> [Instructions to follow]: Locate "CHRM1 / M1 antibody." in the listing. Transcribe the line that contains it and every line that follows, through the last, omitting all pictures.
########
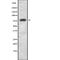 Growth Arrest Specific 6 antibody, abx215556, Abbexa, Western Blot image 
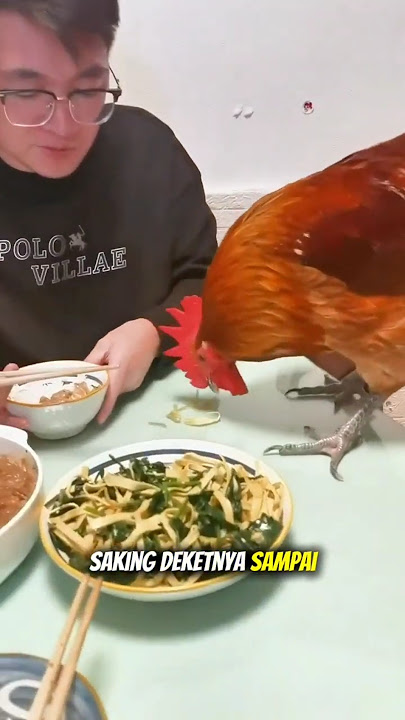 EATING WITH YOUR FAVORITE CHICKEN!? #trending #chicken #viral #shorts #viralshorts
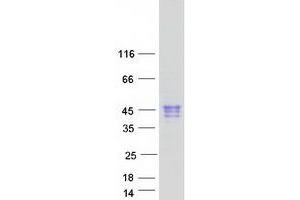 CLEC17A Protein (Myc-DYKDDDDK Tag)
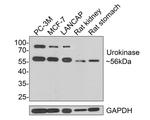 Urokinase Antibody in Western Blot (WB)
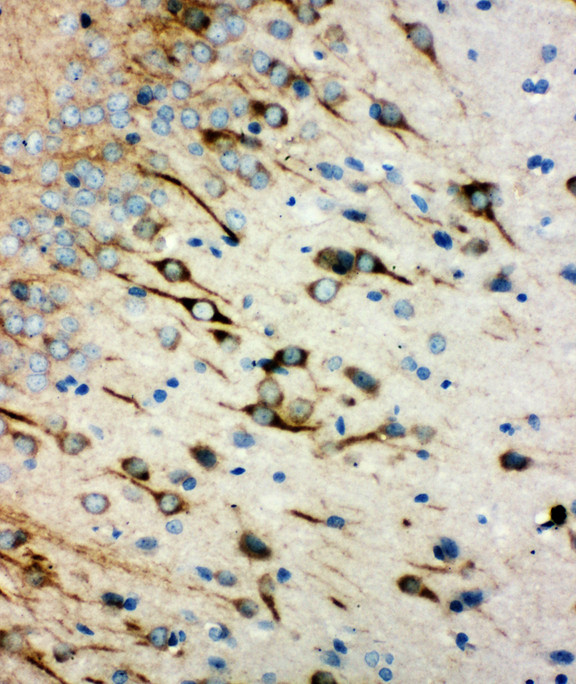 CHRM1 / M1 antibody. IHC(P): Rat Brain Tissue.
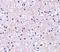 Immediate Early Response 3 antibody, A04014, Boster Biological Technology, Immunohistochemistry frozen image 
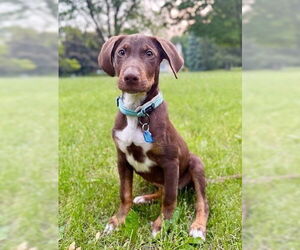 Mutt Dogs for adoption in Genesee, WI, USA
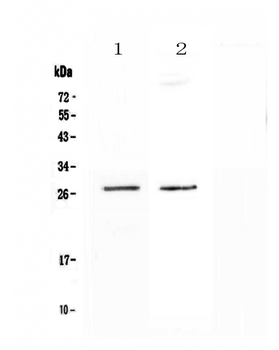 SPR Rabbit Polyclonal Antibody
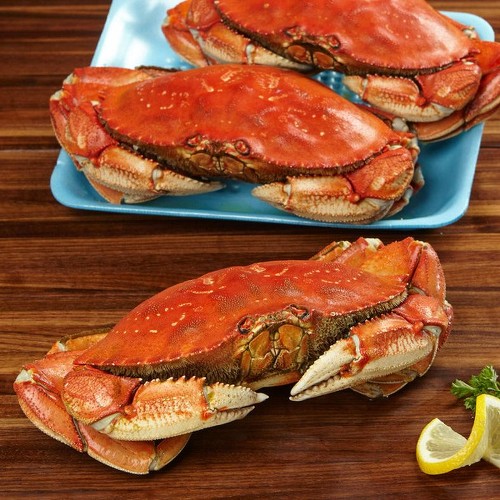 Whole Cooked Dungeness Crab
########
> [Answer for the task]:
 CHRM1 / M1 antibody. IHC(P): Rat Brain Tissue.
 Immediate Early Response 3 antibody, A04014, Boster Biological Technology, Immunohistochemistry frozen image 
 Mutt Dogs for adoption in Genesee, WI, USA
 SPR Rabbit Polyclonal Antibody
 Whole Cooked Dungeness Crab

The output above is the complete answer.